Not that it was easy or bore much more fruit than earlier but it did get me farther than I had gotten before. Making myself a posterchild did earn the ire of a few people who thought I was shameless and I greatly resented that since it wasn’t my first choice and it was unfair for them to judge me for what I was doing, not out of some self-pity or solipsism, but out of the desire to do good in the limited capacity in which I was able to. Having joined the movement, I am far less cynical than before and see the issues as more important and am glad I am within the movement which is not to say I am not cynical of the self-pity which defines much of it and the self-pity which I have to feign and market. Deeply do I disdain that part. Also, I still fight on other issues and yet I still make little progress with regards to them and I have had to market myself as an “autistic boy” to make progress on other issues like on housing which does leave a unwelcome taste in my mouth.

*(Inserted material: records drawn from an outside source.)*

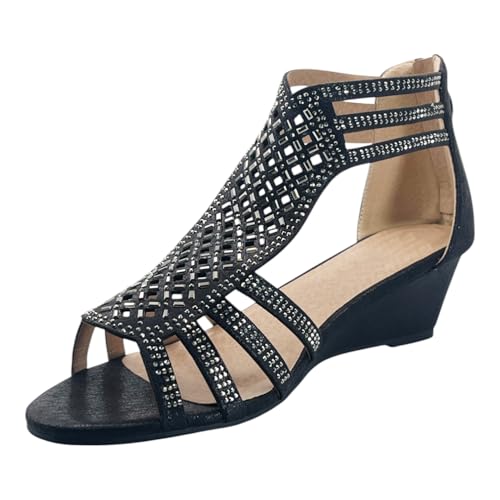 ABSOLEX Women Strappy Open Toe Rhinestone Dressy Low Heel Wedge Sandal3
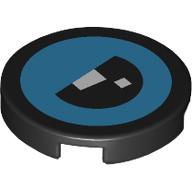 Tile Round 2 x 2 with Dark Azure Brickheadz Eye, Black Pupil print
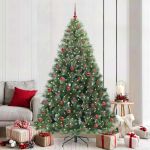 Brad de Crăciun artificial cu 300 LED Verde 210 cm PE și PVC GartenMobel Dekor
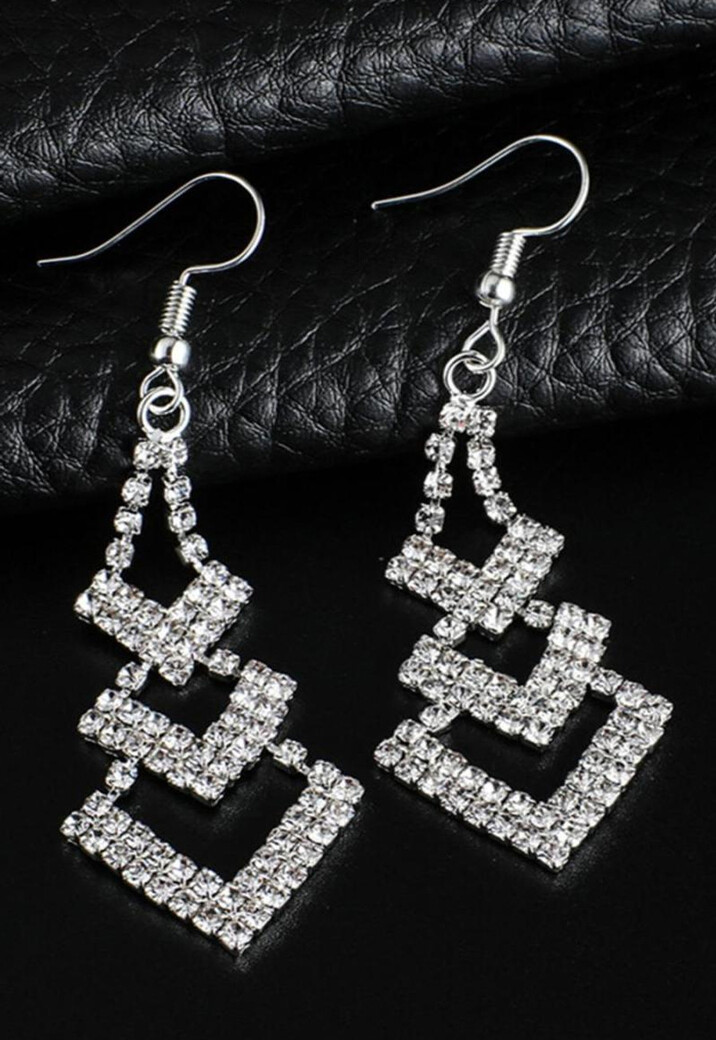 Zilveren Stainless Statement Strass Oorbellen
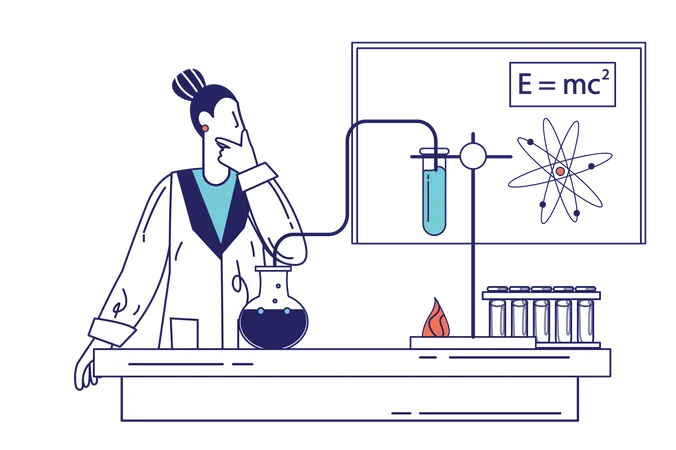 Science Laboratory Concept In Flat Line Design For Web Banner Woman Scientist Doing Research Test In Flasks And Tubes In Physics Lab Modern People Scene Vector Illustration In Outline Graphic Style Illustration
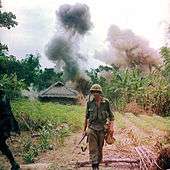 color photograph of a Marine calmly walking away from an exploding hut at the edge of a jungle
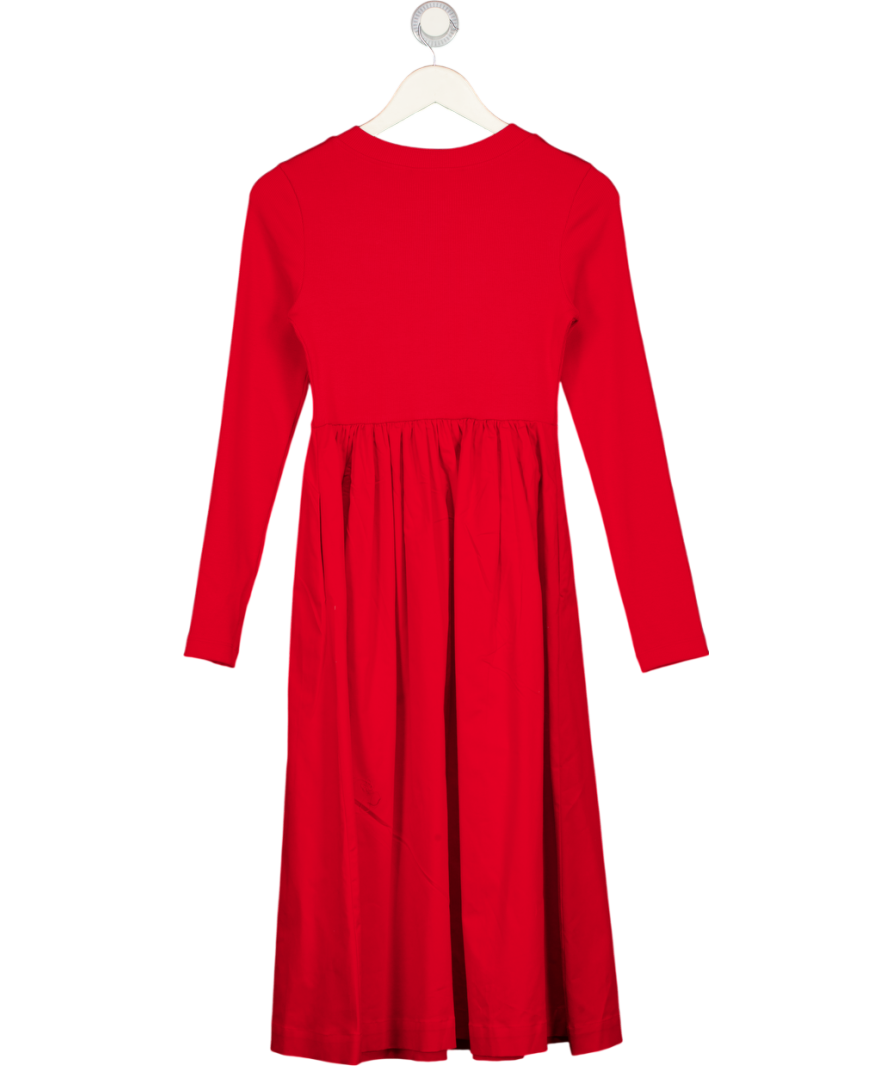 Red Maeve Long-sleeve Twofer Cardigan Midi Dress UK XS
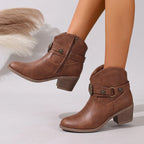Serena - Women's Emblem-Buckle Leather Ankle Boots with Stacked Heel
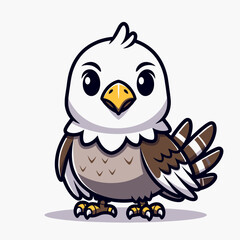 Fototapeta premium Cute cartoon baby eagle with white head and brown body standing on a white background, featuring a yellow beak and large eyes.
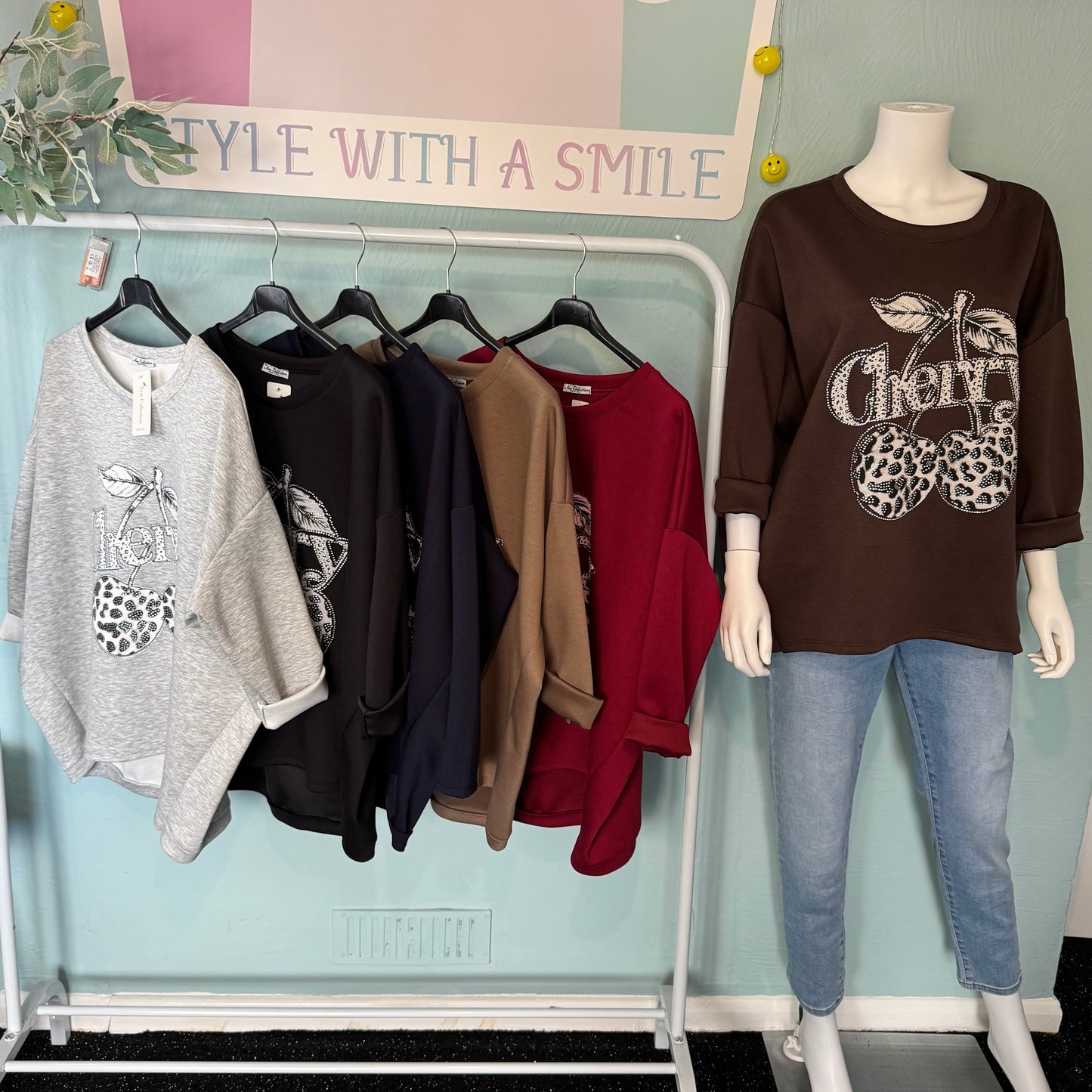 Olive - Diamanté Cherry Soft Touch Sweatshirt - up to a UK 18.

In the end, my lacking employment gainful enough for my satisfaction makes me into a more shameless advocate than I would like to be. I would rather have a political job where I worked on all of the issues affecting humanity and was paid decently for it and where my advocacy would be more the machinations of backroom politics and designing public campaigns from campaign war rooms rather than being the single advocate that I am sending out my pamphlets into the world. Fate has not been so kind I don’t expect it will be. So this is where I make my stand. I can only hope that with the bandwidth God has given me I can maximize the good possible with said bandwidth. I hope that my voice uplifts the hearts of all those reading and hope it spreads through them and into others. It’s all I can do. That wherever I am, people are better for my existence.